**Assignment:**
Only an exact copy belongs in the answer: the line with "Nẹp chân kính" and every line after it through the end of the records, pictures left out.

**Collection entries:**

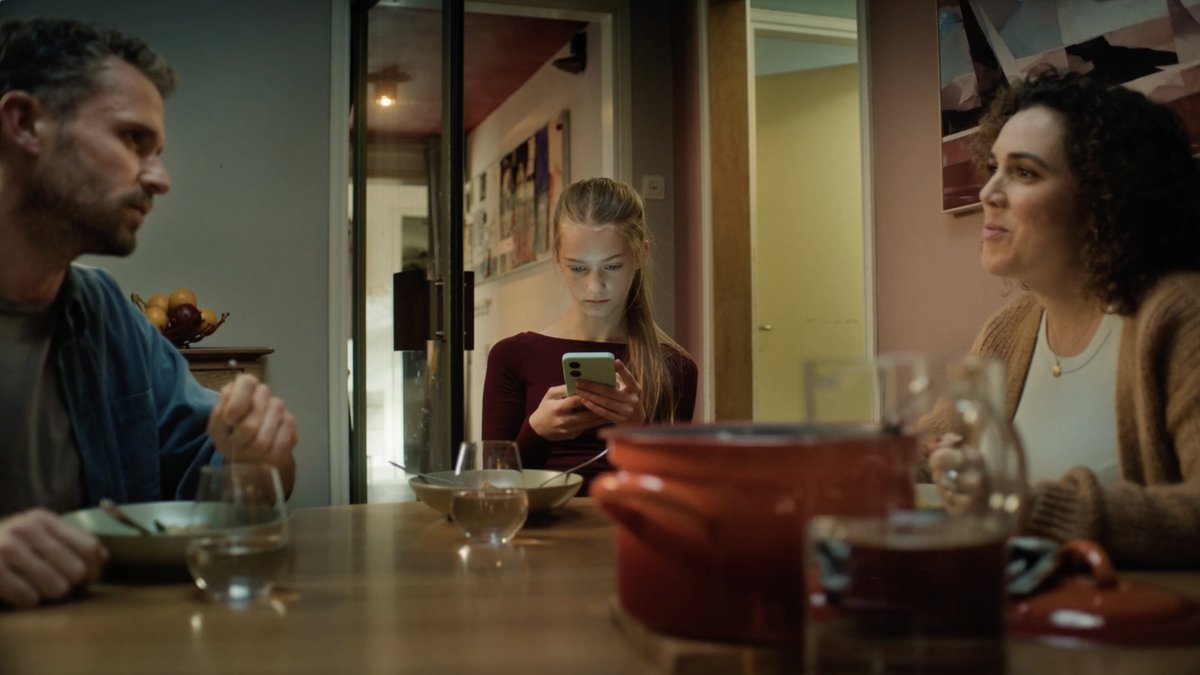 🤳 Steeds meer kinderen hebben al jong een smartphone. Dat is leuk én leerzaam, maar er zijn ook risico’s. Met de campagne Blijf in Beeld helpen we ouders afspraken te maken over smartphonegebruik. Voor tips en een afsprakenkaart 👉 jouwkindonline.nl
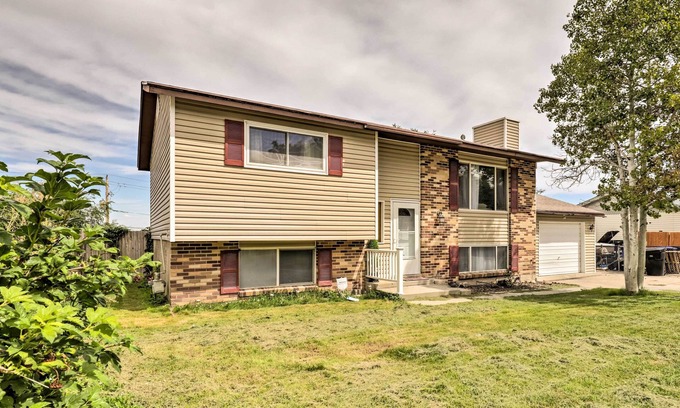 Magna Casa | 11 Mi to Great Salt Lake: Magna Getaway!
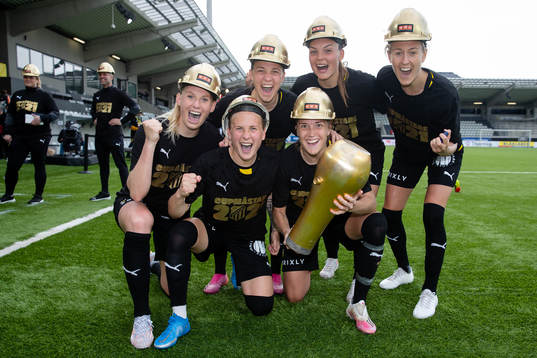 Häckens Stina Blackstenius, Filippa Curmark, Julia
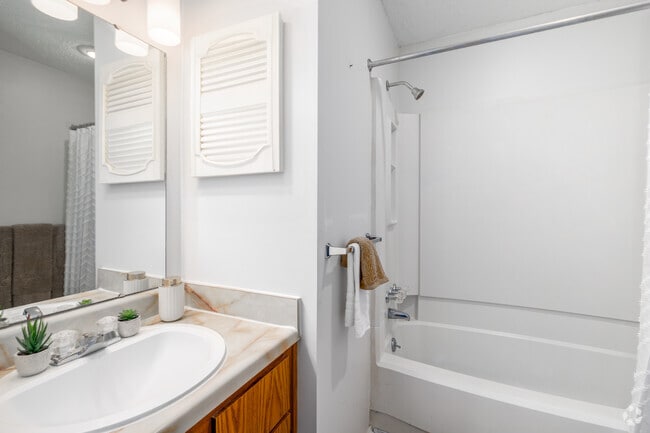 1BR, 1BA - 672SF - Bathroom - Bristol Pointe Apartments
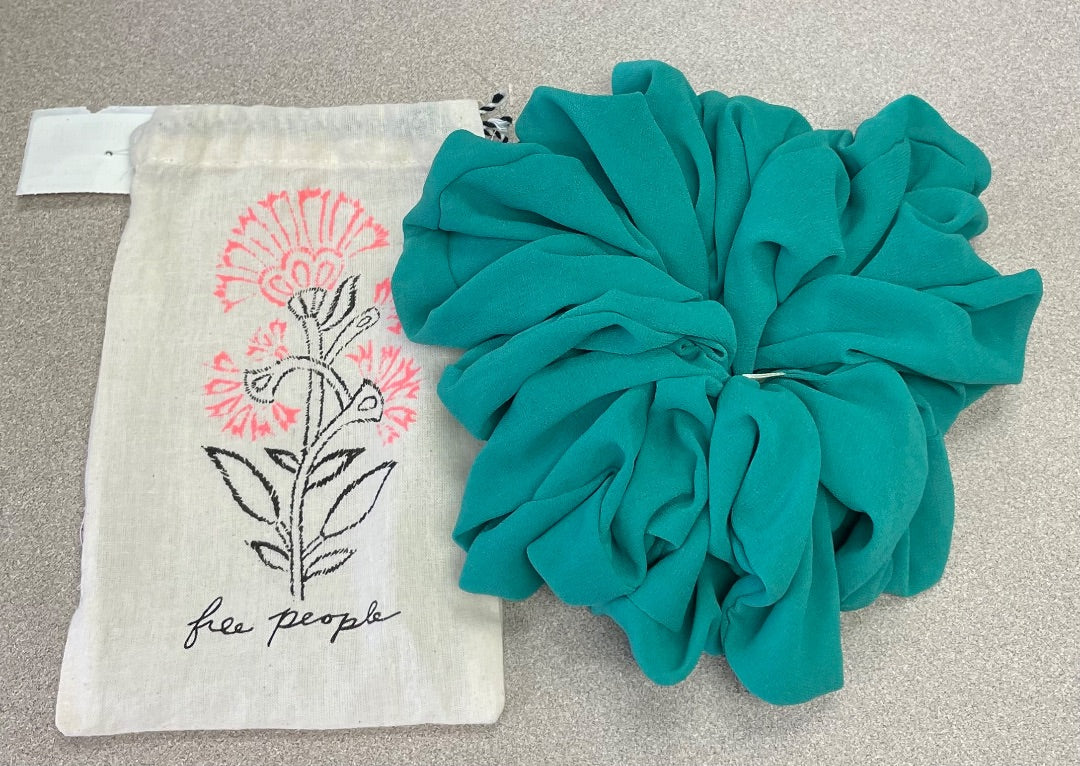 Green Free People Scrunchie, NEW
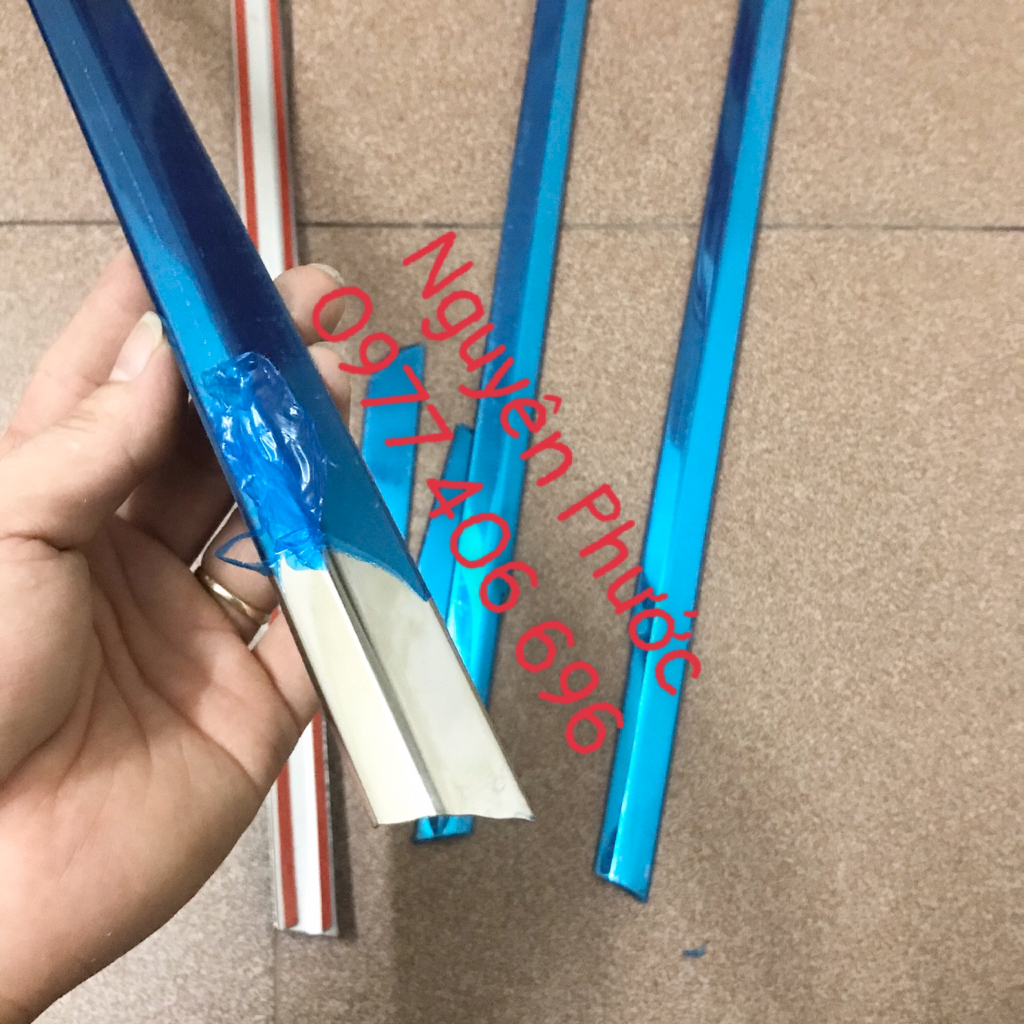 Nẹp chân kính ngoài  Inox - Trang Trí  GENTRA / AVEO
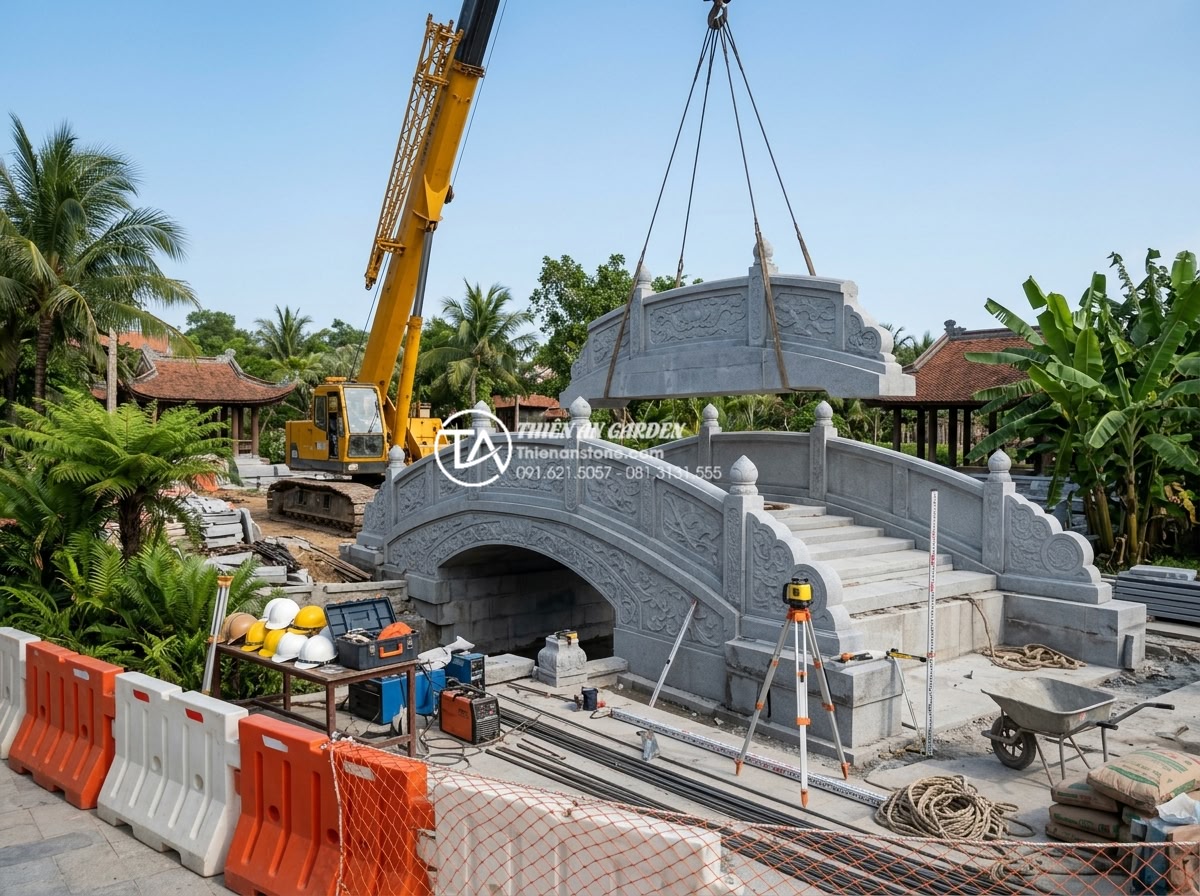 Địa chỉ xưởng điêu khắc cầu đá mỹ nghệ uy tín, giá gốc tại Ninh Bình - Hình 23 Địa chỉ xưởng điêu khắc cầu đá mỹ nghệ uy tín, giá gốc tại Ninh Bình - Construction team professionally installing a large carved stone bridge using he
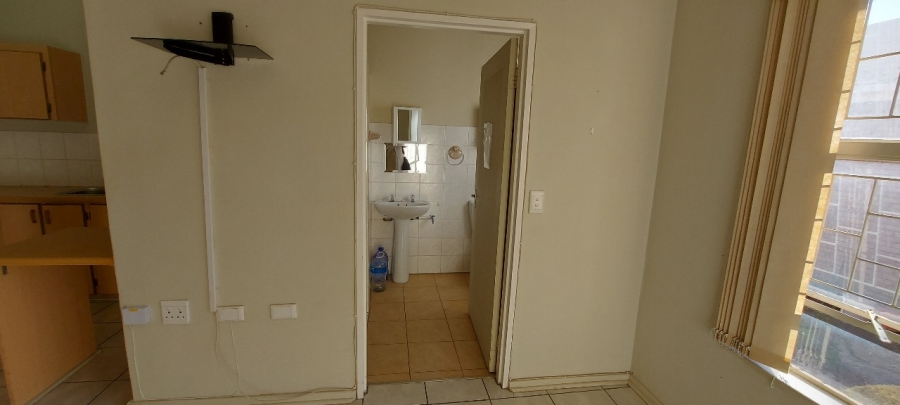 1 Bedroom Property for Sale in Uitsig Free State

**Answer box:**
 Nẹp chân kính ngoài  Inox - Trang Trí  GENTRA / AVEO
 Địa chỉ xưởng điêu khắc cầu đá mỹ nghệ uy tín, giá gốc tại Ninh Bình - Hình 23 Địa chỉ xưởng điêu khắc cầu đá mỹ nghệ uy tín, giá gốc tại Ninh Bình - Construction team professionally installing a large carved stone bridge using he
 1 Bedroom Property for Sale in Uitsig Free State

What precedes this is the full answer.